Data listing:
⟨

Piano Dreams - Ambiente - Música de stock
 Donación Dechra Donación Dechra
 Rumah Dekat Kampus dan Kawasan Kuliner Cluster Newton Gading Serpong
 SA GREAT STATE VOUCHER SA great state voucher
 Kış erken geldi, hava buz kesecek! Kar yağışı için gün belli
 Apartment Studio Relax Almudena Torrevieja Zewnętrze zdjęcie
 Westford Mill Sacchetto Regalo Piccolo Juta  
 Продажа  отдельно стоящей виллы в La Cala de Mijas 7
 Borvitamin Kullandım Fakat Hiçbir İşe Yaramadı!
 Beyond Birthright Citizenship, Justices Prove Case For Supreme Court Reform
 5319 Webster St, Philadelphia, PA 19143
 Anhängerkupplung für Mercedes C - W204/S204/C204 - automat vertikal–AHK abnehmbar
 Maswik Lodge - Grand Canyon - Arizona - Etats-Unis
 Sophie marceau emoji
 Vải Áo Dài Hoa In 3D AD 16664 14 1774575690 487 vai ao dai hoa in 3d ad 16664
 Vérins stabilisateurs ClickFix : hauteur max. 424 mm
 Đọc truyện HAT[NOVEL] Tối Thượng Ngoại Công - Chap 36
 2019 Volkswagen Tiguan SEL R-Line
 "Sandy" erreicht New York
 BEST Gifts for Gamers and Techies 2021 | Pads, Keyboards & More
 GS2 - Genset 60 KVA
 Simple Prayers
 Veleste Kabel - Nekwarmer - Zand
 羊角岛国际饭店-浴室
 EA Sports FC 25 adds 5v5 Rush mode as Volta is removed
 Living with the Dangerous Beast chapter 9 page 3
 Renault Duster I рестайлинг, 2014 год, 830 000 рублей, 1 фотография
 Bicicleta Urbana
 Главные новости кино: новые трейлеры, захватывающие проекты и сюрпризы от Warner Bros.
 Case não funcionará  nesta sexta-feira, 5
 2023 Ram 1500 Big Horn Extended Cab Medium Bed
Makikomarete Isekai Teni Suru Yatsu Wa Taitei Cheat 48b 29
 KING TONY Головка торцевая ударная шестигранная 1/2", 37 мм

⟩

Work instruction:
Nothing but the lines from the start of the data above through the line with "Главные новости кино: новые" should appear in your answer, copied exactly.

Response:
Piano Dreams - Ambiente - Música de stock
 Donación Dechra Donación Dechra
 Rumah Dekat Kampus dan Kawasan Kuliner Cluster Newton Gading Serpong
 SA GREAT STATE VOUCHER SA great state voucher
 Kış erken geldi, hava buz kesecek! Kar yağışı için gün belli
 Apartment Studio Relax Almudena Torrevieja Zewnętrze zdjęcie
 Westford Mill Sacchetto Regalo Piccolo Juta  
 Продажа  отдельно стоящей виллы в La Cala de Mijas 7
 Borvitamin Kullandım Fakat Hiçbir İşe Yaramadı!
 Beyond Birthright Citizenship, Justices Prove Case For Supreme Court Reform
 5319 Webster St, Philadelphia, PA 19143
 Anhängerkupplung für Mercedes C - W204/S204/C204 - automat vertikal–AHK abnehmbar
 Maswik Lodge - Grand Canyon - Arizona - Etats-Unis
 Sophie marceau emoji
 Vải Áo Dài Hoa In 3D AD 16664 14 1774575690 487 vai ao dai hoa in 3d ad 16664
 Vérins stabilisateurs ClickFix : hauteur max. 424 mm
 Đọc truyện HAT[NOVEL] Tối Thượng Ngoại Công - Chap 36
 2019 Volkswagen Tiguan SEL R-Line
 "Sandy" erreicht New York
 BEST Gifts for Gamers and Techies 2021 | Pads, Keyboards & More
 GS2 - Genset 60 KVA
 Simple Prayers
 Veleste Kabel - Nekwarmer - Zand
 羊角岛国际饭店-浴室
 EA Sports FC 25 adds 5v5 Rush mode as Volta is removed
 Living with the Dangerous Beast chapter 9 page 3
 Renault Duster I рестайлинг, 2014 год, 830 000 рублей, 1 фотография
 Bicicleta Urbana
 Главные новости кино: новые трейлеры, захватывающие проекты и сюрпризы от Warner Bros.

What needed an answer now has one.